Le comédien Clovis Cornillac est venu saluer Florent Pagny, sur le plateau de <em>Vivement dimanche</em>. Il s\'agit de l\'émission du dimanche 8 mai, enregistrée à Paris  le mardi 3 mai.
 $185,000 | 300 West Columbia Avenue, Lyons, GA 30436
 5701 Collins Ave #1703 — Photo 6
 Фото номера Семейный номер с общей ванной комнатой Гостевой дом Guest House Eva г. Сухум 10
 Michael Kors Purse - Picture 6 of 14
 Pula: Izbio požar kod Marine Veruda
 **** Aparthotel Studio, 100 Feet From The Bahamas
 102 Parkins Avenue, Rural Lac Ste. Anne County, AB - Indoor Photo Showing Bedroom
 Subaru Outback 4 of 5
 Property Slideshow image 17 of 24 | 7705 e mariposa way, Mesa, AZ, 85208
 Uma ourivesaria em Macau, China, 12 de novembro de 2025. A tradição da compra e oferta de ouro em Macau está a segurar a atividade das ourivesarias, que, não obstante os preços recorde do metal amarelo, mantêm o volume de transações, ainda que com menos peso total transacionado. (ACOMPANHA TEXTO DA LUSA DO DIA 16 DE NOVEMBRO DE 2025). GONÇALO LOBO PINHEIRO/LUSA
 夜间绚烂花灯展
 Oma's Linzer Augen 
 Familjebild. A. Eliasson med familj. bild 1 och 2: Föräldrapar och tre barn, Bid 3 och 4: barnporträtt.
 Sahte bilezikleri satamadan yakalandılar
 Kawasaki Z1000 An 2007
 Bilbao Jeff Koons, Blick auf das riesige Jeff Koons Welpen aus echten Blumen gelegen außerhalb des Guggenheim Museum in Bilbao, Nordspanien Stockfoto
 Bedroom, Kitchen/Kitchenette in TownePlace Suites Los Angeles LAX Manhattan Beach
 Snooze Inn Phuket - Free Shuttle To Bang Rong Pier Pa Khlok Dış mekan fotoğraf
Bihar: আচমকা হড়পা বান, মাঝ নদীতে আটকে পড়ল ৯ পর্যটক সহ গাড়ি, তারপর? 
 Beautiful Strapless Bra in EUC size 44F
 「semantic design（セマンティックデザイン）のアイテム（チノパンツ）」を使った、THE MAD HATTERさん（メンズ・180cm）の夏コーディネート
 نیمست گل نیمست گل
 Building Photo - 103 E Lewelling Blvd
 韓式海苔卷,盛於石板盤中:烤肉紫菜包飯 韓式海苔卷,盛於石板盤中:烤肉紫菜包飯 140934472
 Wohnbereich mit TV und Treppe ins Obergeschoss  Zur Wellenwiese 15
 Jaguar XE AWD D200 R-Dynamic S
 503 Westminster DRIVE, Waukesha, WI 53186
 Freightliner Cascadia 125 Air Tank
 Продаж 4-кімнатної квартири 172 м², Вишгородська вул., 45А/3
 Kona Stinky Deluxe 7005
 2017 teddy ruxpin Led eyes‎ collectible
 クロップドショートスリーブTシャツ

═══

> _Task brief_
The lines above starting at the one that contains "5701 Collins Ave #1703 — Photo 6" and ending at the one that contains "Property Slideshow image" must be transcribed exactly, and no other lines may appear.

> _Answer to the exercise_
 5701 Collins Ave #1703 — Photo 6
 Фото номера Семейный номер с общей ванной комнатой Гостевой дом Guest House Eva г. Сухум 10
 Michael Kors Purse - Picture 6 of 14
 Pula: Izbio požar kod Marine Veruda
 **** Aparthotel Studio, 100 Feet From The Bahamas
 102 Parkins Avenue, Rural Lac Ste. Anne County, AB - Indoor Photo Showing Bedroom
 Subaru Outback 4 of 5
 Property Slideshow image 17 of 24 | 7705 e mariposa way, Mesa, AZ, 85208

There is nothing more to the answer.